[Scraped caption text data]
########
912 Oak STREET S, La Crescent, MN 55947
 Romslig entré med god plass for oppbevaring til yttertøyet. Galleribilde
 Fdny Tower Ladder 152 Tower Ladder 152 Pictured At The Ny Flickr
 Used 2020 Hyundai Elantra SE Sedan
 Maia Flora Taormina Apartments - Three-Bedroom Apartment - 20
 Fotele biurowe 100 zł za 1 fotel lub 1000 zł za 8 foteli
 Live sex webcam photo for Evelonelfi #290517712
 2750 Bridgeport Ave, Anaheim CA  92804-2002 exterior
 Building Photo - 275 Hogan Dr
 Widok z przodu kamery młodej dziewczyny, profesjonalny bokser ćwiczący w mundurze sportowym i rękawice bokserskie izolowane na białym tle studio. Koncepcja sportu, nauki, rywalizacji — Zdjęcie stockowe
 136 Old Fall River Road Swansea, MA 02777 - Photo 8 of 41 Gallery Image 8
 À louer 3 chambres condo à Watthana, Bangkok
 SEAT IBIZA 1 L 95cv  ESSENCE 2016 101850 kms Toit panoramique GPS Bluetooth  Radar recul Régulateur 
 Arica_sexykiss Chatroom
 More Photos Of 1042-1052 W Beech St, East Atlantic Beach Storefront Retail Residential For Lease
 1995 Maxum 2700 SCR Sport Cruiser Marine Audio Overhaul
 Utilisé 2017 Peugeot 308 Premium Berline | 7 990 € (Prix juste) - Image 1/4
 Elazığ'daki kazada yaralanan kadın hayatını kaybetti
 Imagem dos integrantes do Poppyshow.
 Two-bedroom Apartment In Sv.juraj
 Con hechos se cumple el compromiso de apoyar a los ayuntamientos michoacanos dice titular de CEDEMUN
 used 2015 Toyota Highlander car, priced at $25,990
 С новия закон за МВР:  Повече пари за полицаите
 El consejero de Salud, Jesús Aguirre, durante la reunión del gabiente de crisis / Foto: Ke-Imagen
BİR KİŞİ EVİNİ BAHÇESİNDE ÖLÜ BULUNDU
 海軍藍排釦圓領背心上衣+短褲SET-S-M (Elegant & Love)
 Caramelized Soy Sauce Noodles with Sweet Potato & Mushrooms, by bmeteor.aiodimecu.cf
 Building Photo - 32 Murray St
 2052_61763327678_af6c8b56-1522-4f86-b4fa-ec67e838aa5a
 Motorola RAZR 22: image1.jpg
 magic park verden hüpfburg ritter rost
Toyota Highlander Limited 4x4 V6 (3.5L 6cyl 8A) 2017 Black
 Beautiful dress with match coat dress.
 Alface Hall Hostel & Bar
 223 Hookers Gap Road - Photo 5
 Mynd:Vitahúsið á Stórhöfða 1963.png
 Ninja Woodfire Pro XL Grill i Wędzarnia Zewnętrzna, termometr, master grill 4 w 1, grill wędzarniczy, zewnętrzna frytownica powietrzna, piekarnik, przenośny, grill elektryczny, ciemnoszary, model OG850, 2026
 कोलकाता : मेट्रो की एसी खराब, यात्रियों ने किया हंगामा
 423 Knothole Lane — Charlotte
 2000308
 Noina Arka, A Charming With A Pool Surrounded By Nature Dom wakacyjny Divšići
########
Your task
Set down exactly, and only, the lines from the one with "कोलकाता : मेट्रो" to the final line of the data.

Reply
 कोलकाता : मेट्रो की एसी खराब, यात्रियों ने किया हंगामा
 423 Knothole Lane — Charlotte
 2000308
 Noina Arka, A Charming With A Pool Surrounded By Nature Dom wakacyjny Divšići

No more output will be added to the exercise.